New Dog, Same Tricks: Lansdale in Vietnam
In June 1954 a new assistant air attaché reported for duty at the US embassy in Saigon. The Air Attaché hated this confident fellow on sight, and so did the local CIA station chief, a querulous drunk who was soon replaced. For the new man was Colonel Edward Lansdale, who had automatic contact with CIA Director Allen Dulles and with his brother John Foster, the Secretary of State.

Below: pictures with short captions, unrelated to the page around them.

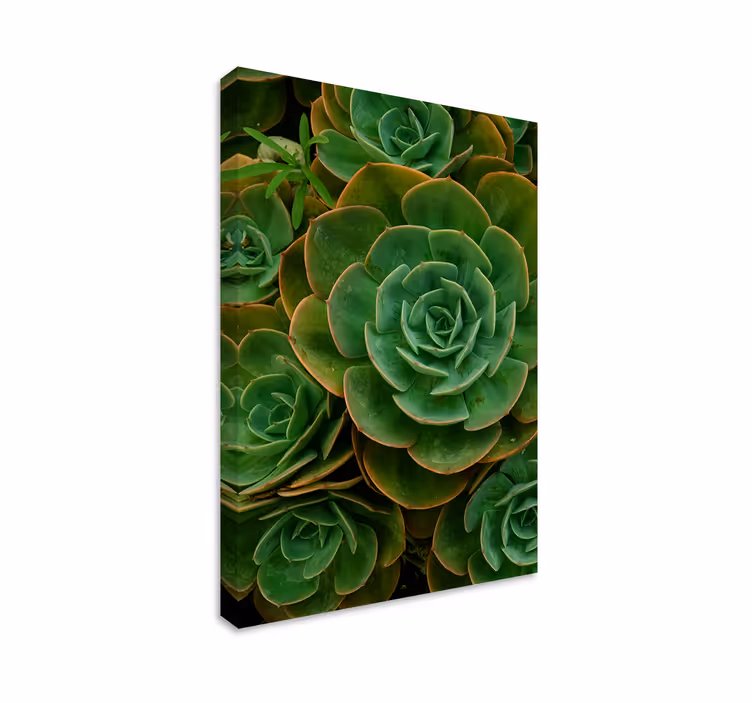 Tableau Conception de cactus - TenStickers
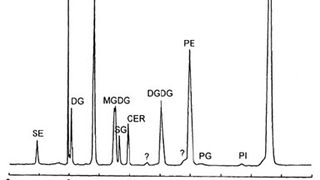 Chromatogramm ()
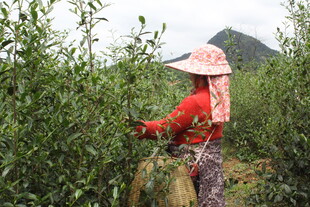 茶农田间采摘嫩绿茶叶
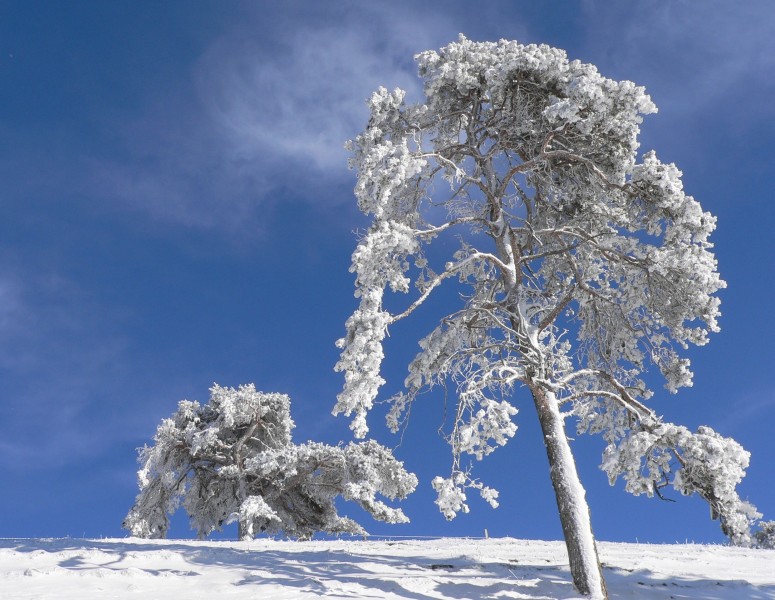 冬日里的雪树的特写图片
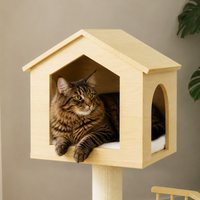 Meow Planet Lookout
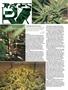 Page: - 104 | High Times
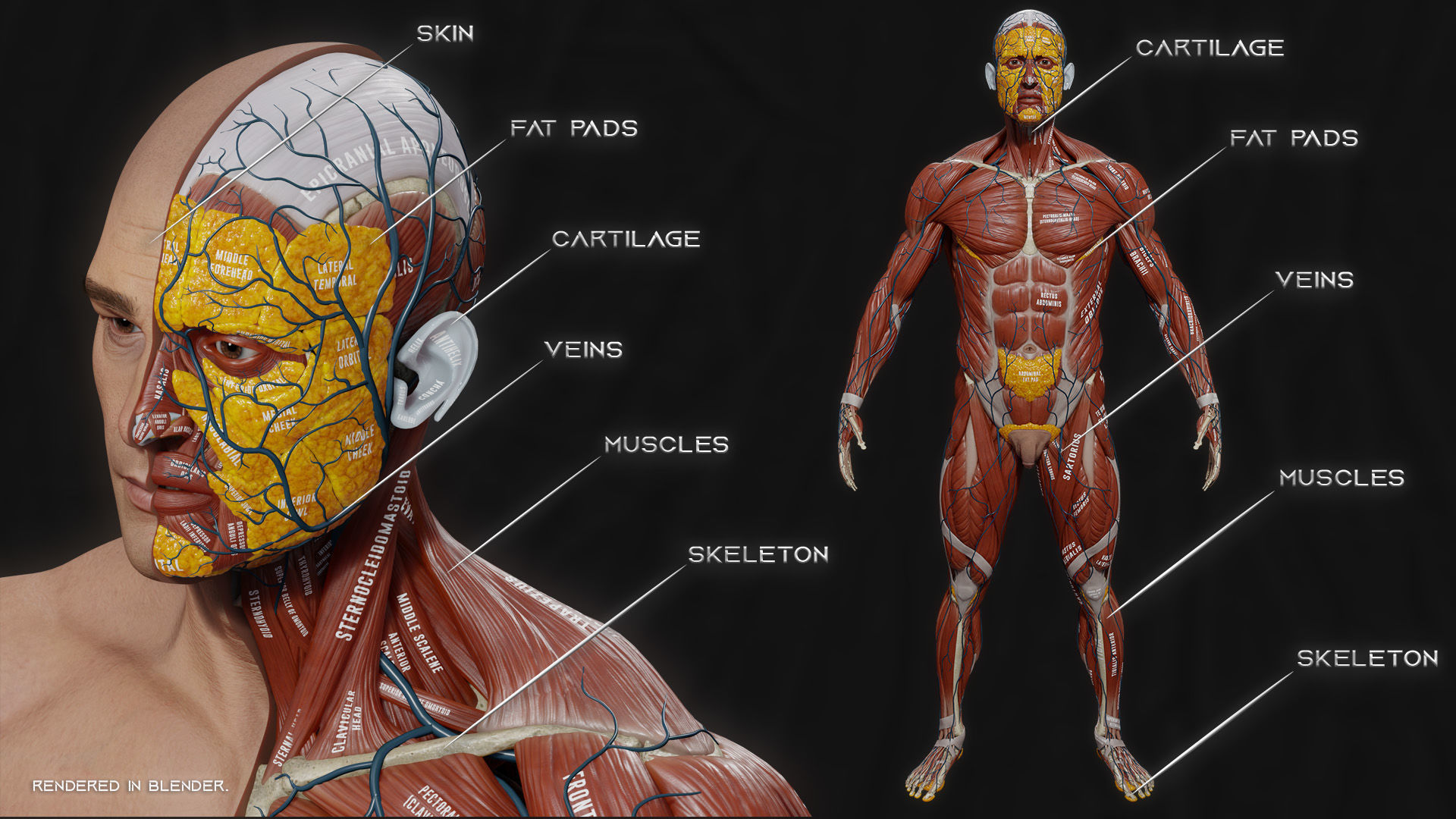 ECORCHE  Realistic Male Full Body Anatomy Model With BASE MESH 3D model_2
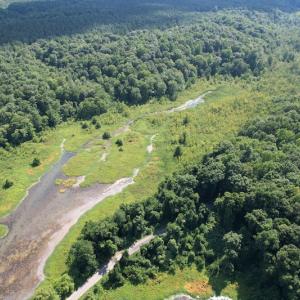 Photo #16 of SOLD property in Off Sunken Meadow Road, Spring Grove, VA 678.6 acres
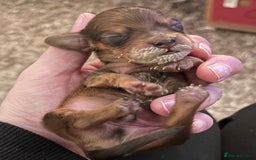 Miniature Dachshund dogs for sale: long haired shaded red Miniature dachshunds  - Advert 5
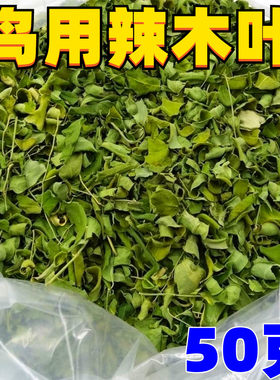 虎皮牡丹玄凤中小型鹦鹉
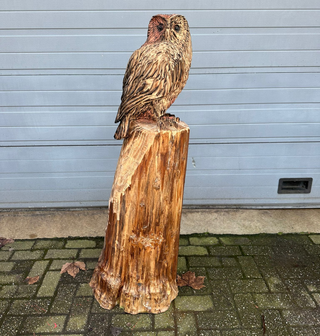 Groot-houtsnijwerk-houtsculptuur-standbeeld-tuinbeeld-van-een-uil-uilen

Lansdale took up residence in a spacious house with a swimming pool, trailed everywhere he went by a Filipino bodyguard called Proculo Mojica, who wore sunglasses all the time and visibly carried a large gun inside his jacket. Lansdale selected twenty men to join his new Saigon Military Mission, which operated in uneasy parallel to the Saigon CIA station. Their new premises soon overflowed with boxes of arms, ammunition and grenades. Some of these men were quiet scholarly types, proficient linguists with a background as wartime paratroopers; others were of a more buccaneering disposition, including Major Lucien Conein (pronounced Coneen). Conein was known as ‘Two Fingers Lou’ or ‘Black Luigi’, nicknames derived from different episodes in his vivid career. A former wartime OSS agent, he claimed to have lost two fingers while serving in the French Foreign Legion, although in fact they were cut off when he was repairing
the fan belt of a car in which he had been having sex with his best friend’s wife. But he was an honorary member of the Corsican Brotherhood, a criminal organization that made the Sicilian Mafia seem tame. Bo Bohannan also came along, because Lansdale’s essential task in Saigon was to repeat with Diem his success with Ramon Magsaysay. From then on a portrait of Magsaysay stared at Diem from his office wall, and from an autographed photo on his desk. But Magsaysay was a charismatic, dynamic leader admired by most Filipinos; Diem was an aloof religious zealot presiding over a regime riddled with corruption.
Still, Lansdale could but try. On the first day he simply walked into Diem’s palace and volunteered his memo ‘Notes on How to Be a Prime Minister of Vietnam’. Initially his help involved telling Diem the meaning of such arcane terms as ‘chain of command’ or ‘floating a loan’. The men grew close, although Lansdale declined Diem’s offer to move into the palace. Diem was encouraged to get out and about, if necessary allowing mud to splash on his white sharkskin suits. Peasants in need found themselves recipients of presidential largesse organized by Lansdale. Although Diem was an austere bachelor who had opted for celibacy, to counter rumours that he might be homosexual Lansdale had him shyly but publicly call on a woman who was supposed to be his one and only ‘girlfriend’, although the timid Diem never even knocked on her door.